Oleh: Dahlan Iskan
Jumat, 25 Maret 2022
PEMERINTAH sekarang ini luar biasa kuatnya. Padahal didera heboh minyak goreng begitu serunya. Berminggu-minggu. Berbulan. Belum juga ada tanda-tanda reda.
Kuat sekali.
Respons dari pemerintah masih begitu cool. Begitu tenang. Begitu percaya diri. Itu tecermin dari keterangan resmi Menko Perekonomian Airlangga Hartanto dua hari lalu. Anda sudah tahu. Sudah banyak dimuat di media: kenaikan harga minyak goreng belum akan mengganggu tingkat inflasi. \"Inflasi kita di Februari sangat rendah, bahkan terjadi deflasi,\" katanya.
Di situlah kuncinya. Yang terganggu baru ibu-ibu di dapur. Belum inflasi. Tentu pemerintah punya datanya –bahkan big data.
Maka pemerintah berani saja: menghapus ketentuan harga eceran tertinggi minyak goreng dalam kemasan. Toh belum akan mengganggu tekanan darah inflasi.
Dengan demikian harga minyak goreng dalam kemasan dibebaskan. Disilakan untuk membentuk harganya sendiri. Bebas. Sesuai dengan harga pasar. Kalau toh harganya melejit belum akan membahayakan statistik tingkat inflasi.

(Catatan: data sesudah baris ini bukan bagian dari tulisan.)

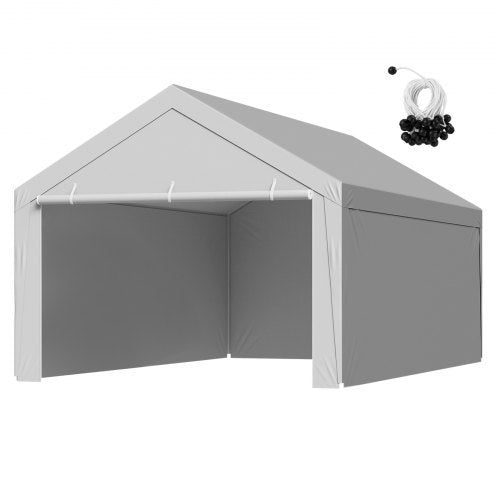 VEVOR Carport Replacement Canopy, 12 x 20 ft Potable Garage Tent Top Tarp with Sidewalls, UV-Resistant & Waterproof, Heavy Duty Car Shelter Tarp with Ball Buggees, Grey, Frame Not Included - CKPB12X20FTHX72QR001V0 - view 2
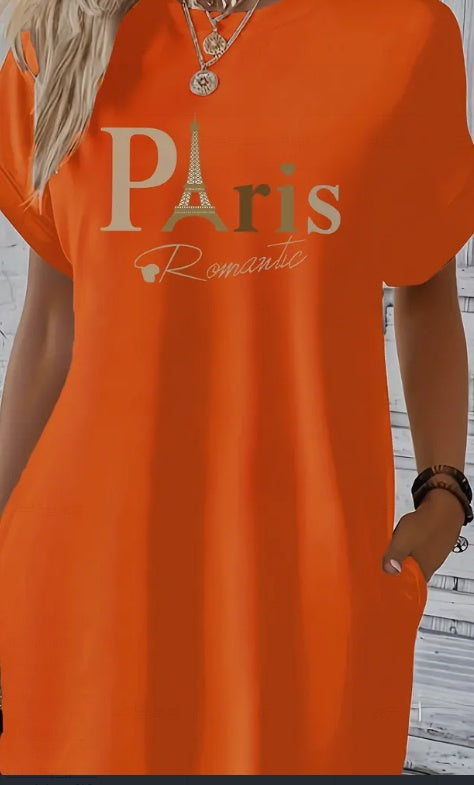 Vestido túnica midi con cuello redondo y estampado parisino - Estampado geométrico, elasticidad media, semitransparente, dos bolsillos, corte holgado, lavable a máquina, perfecto para primavera, verano y otoño - Vestido casual de manga corta para mujer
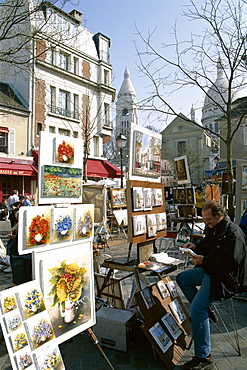 Artists with paintings for sale, Place du Tertre, Montmartre, Paris, France, Europe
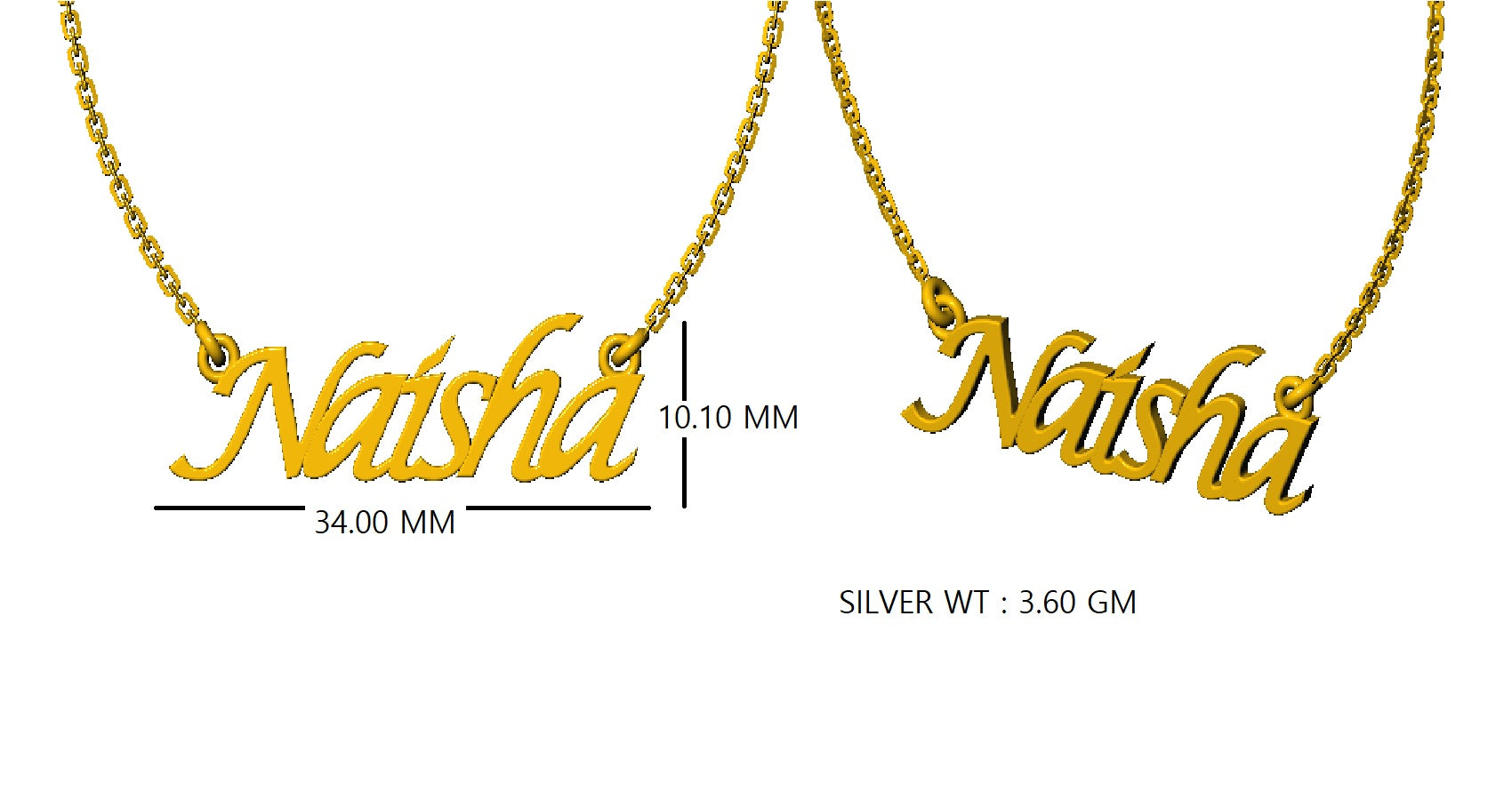 RKC Unisex-Anhänger mit individuellem Namen, 925er Silber, 14 Karat Gelbgold vergoldet, Gewicht 3,60 GM, Höhe 10,10 mm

Pemerintah menetapkan alat pengendali inflasi: minyak goreng curah. Di sini pemerintah menetapkan harga tertinggi untuk minyak goreng curah.
Dengan demikian bagi yang tidak kuat membeli minyak goreng kemasan, silakan beli yang curah. Kalau perlu bawa jeriken sendiri dari rumah. Harganya Rp 14.000/liter.
Maka minyak goreng curah didengung-dengungkan sebagai jalan keluar untuk yang tidak mampu. Pemerintah sudah dianggap tidak salah: ibarat membangun jalan tol yang tarifnya mahal, toh masih ada jalan umum yang gratis.
Ketika mulai ada yang mengeluh: di mana minyak goreng curah bisa didapat, Menko Airlangga juga tahu cara menjawabnya. Itu bukan perkara yang serius. Itu, katanya, hanya persoalan distribusinya saja.
Itu soal distribusi. Bukan kebijakan.